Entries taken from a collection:
==============================

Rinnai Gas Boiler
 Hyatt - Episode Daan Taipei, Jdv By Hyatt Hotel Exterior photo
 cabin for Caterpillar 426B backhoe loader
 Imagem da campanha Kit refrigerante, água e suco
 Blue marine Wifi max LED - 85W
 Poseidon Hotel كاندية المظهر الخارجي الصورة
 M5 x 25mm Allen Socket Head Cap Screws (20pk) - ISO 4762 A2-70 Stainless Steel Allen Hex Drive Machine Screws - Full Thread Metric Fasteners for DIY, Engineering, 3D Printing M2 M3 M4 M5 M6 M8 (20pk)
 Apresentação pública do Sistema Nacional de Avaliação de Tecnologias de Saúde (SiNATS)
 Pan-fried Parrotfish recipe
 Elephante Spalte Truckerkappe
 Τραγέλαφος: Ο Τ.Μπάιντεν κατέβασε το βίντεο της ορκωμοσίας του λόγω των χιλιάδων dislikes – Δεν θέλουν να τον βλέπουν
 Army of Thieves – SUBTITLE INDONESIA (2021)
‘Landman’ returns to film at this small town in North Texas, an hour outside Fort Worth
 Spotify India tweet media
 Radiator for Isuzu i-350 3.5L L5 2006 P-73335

==============================

Instructions for the task:
Of the lines above, output exactly those from the line bearing "Poseidon Hotel كاندية المظهر الخارجي الصورة" through the line bearing "Apresentação pública do", inclusive.

Task solution:
 Poseidon Hotel كاندية المظهر الخارجي الصورة
 M5 x 25mm Allen Socket Head Cap Screws (20pk) - ISO 4762 A2-70 Stainless Steel Allen Hex Drive Machine Screws - Full Thread Metric Fasteners for DIY, Engineering, 3D Printing M2 M3 M4 M5 M6 M8 (20pk)
 Apresentação pública do Sistema Nacional de Avaliação de Tecnologias de Saúde (SiNATS)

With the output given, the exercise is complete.